John Phillips released his first solo album John, the Wolf King of L.A. in 1970. The album was not commercially successful, although it did include the minor hit "Mississippi", and John began to withdraw from the limelight as his use of narcotics increased.
John Phillips produced his third wife, Geneviève's, album, 'Romance Is on the Rise' and wrote music for films. Between 1969 and 1974, John and Geneviève worked on a script and composed over thirty songs for a space-themed musical called Man on the Moon, which was eventually produced by Andy Warhol but played for just two days in New York after receiving disastrous opening night reviews.

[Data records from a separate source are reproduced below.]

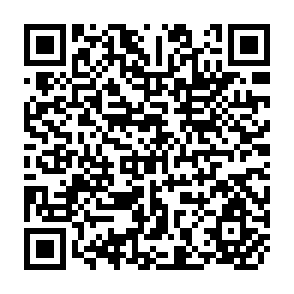 QR Code for Innovation: The Basis of Cultural Change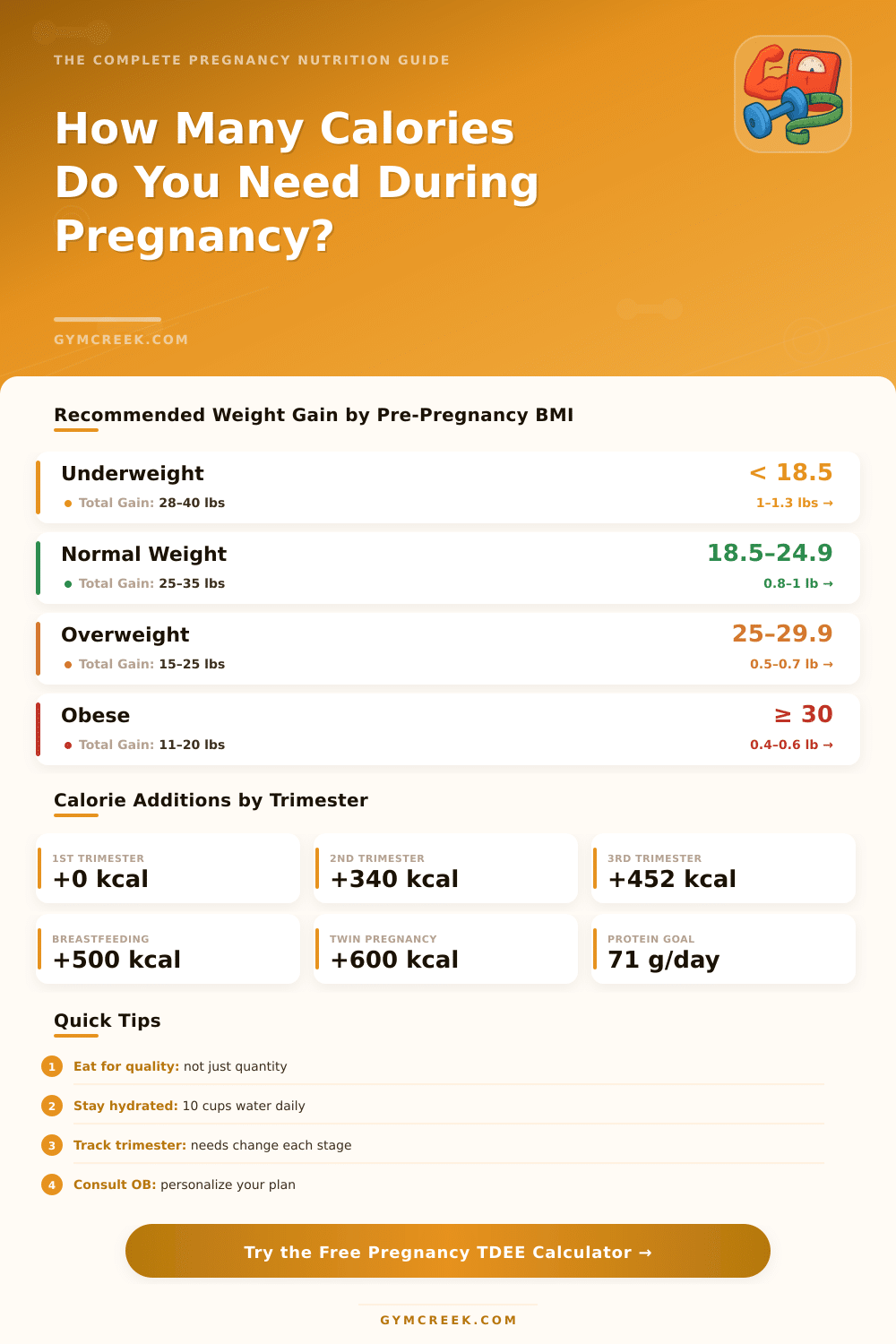 Pregnancy TDEE Calculator: Find Your Daily Calorie Needs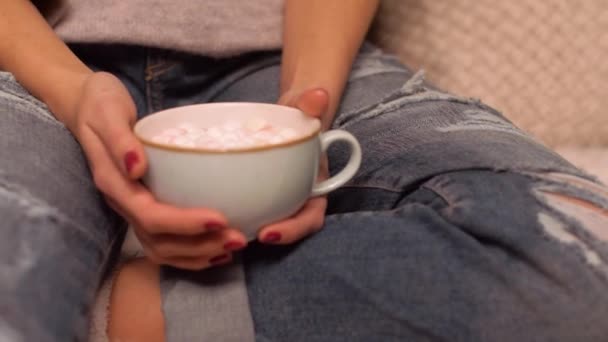 woman holding cup of cacao with marshmallow - Video, Çekim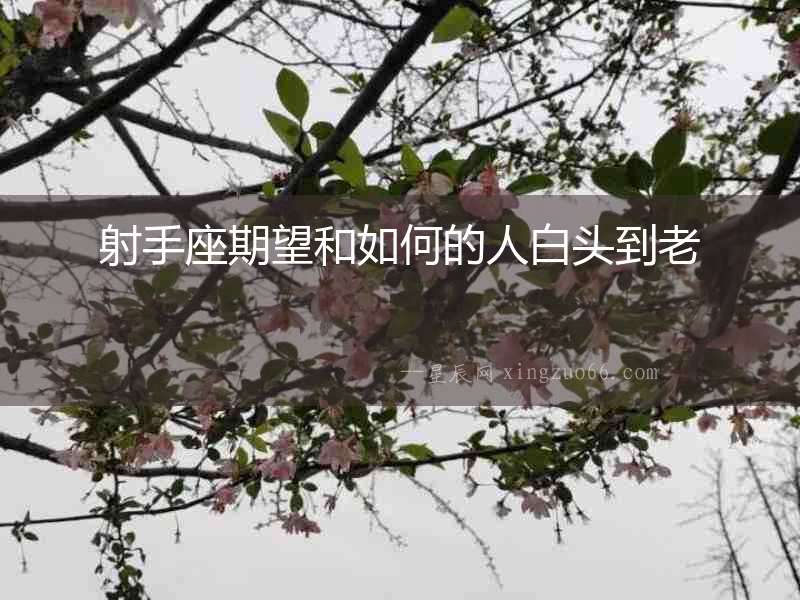 射手座期望和如何的人白頭到老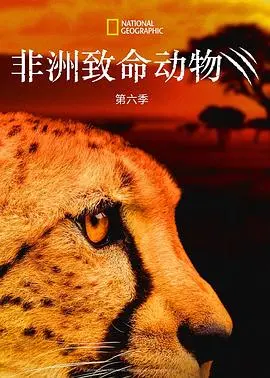 非洲致命动物第五季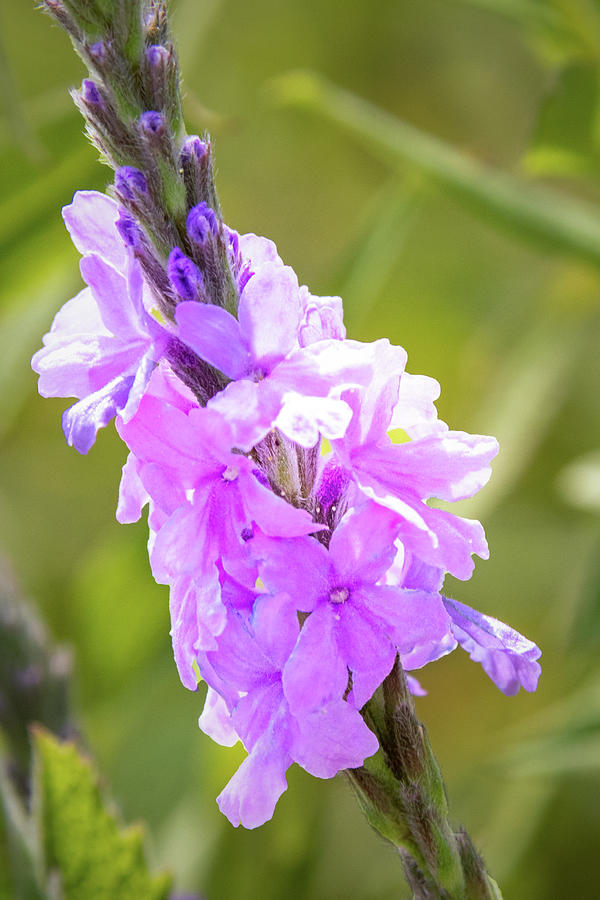 Obedient Plant Flowers Photograph by Ira Marcus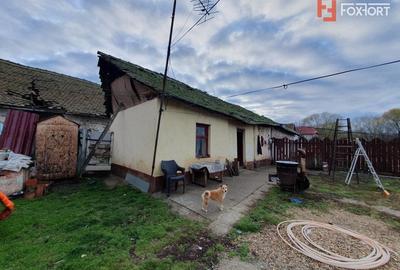 Teren Construcții intravilan de 1300 mp, în Jebel - 6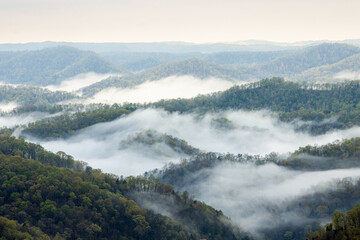 Fototapeta na wymiar Early Morning Mountains and Fog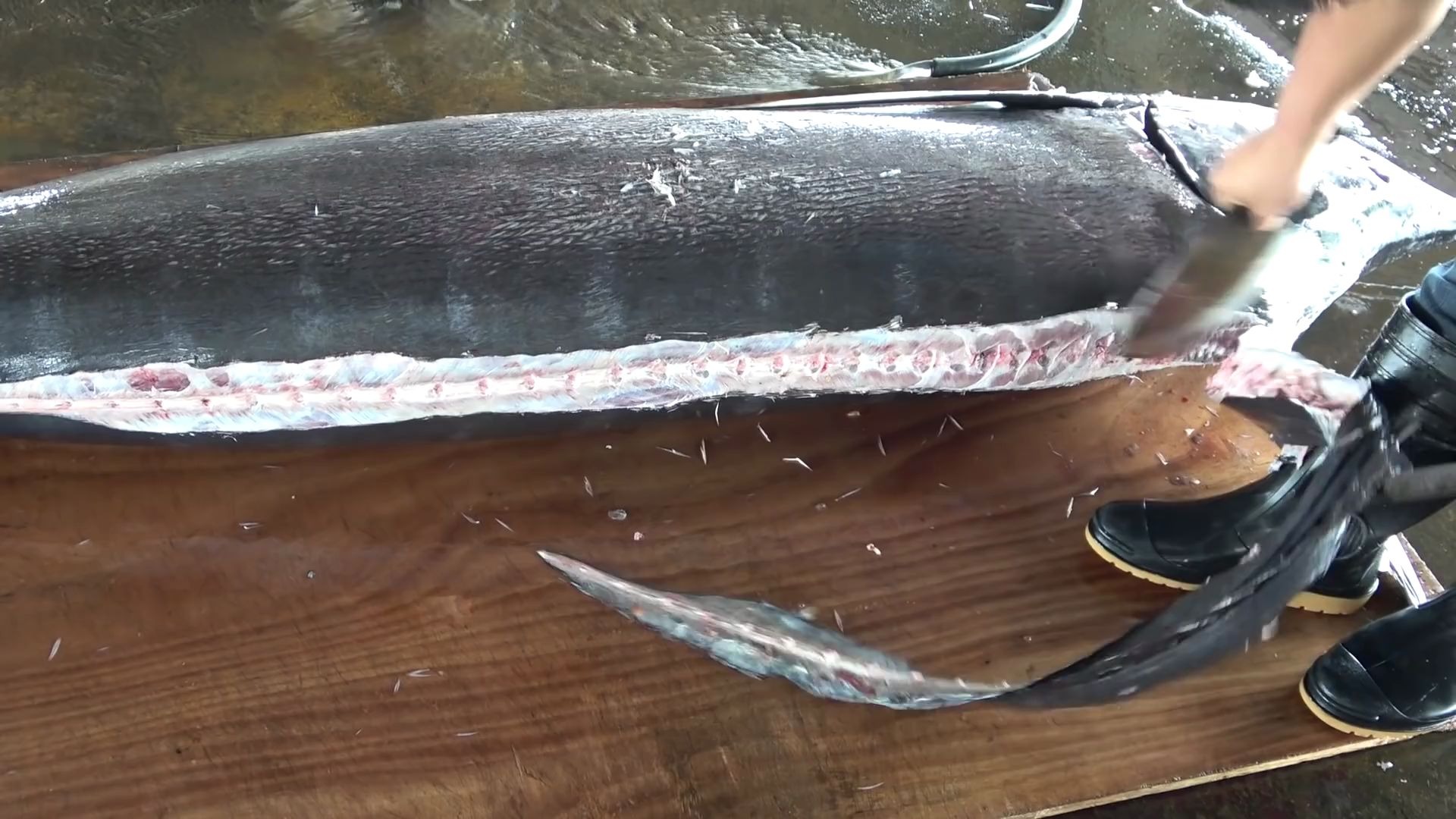 500磅巨型马林鱼切成薄片刺身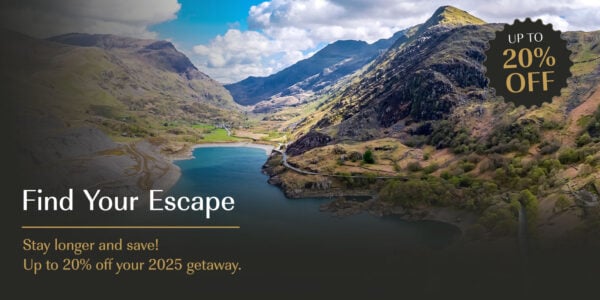 Find Your Escape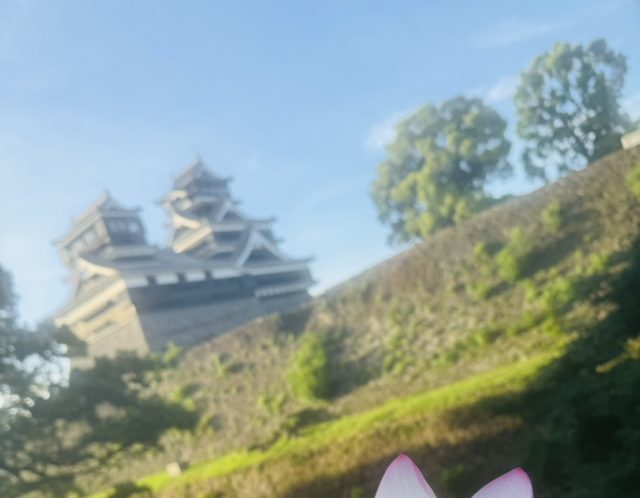 加藤清正公ゆかりの蓮400年の歴史・肥後絞り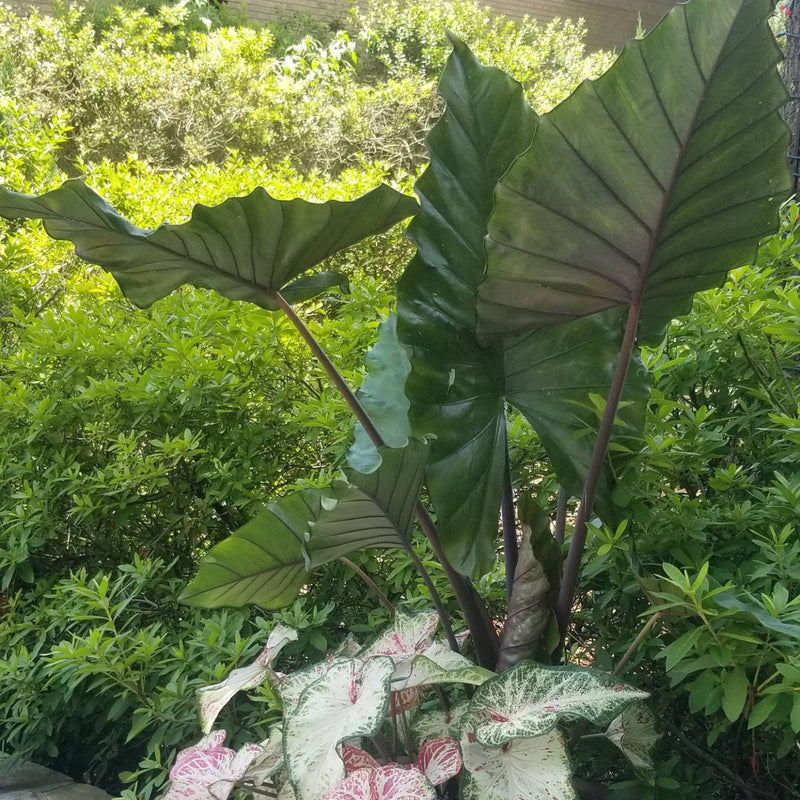Large Bold Green Alocasia Sumo Leaves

John Phillips moved to London in 1973 where Mick Jagger encouraged him to record another solo album. It was to be released on Rolling Stones Records and funded by RSR distributor Atlantic Records. Mick Jagger and Keith Richards produced and played on the album, as well as former Stone Mick Taylor and future Stone Ronnie Wood. The project was derailed by John's increasing use of cocaine and heroin, which he injected, by his own admission, "almost every fifteen minutes for two years". In 2001, the tracks of the Half Stoned or The Lost Album album were released as Pay Pack & Follow a few months after John Phillips' death.
In 1981, John Phillips was convicted of drug trafficking and spent three weeks (one week off for good behavior) at Allenwood Prison Camp, Allenwood, Pennsylvania. Upon his release, he re-formed The Mamas & the Papas with Mackenzie Phillips, Spanky McFarlane and Denny Doherty. Throughout the remainder of his life, John toured with various incarnations of this group.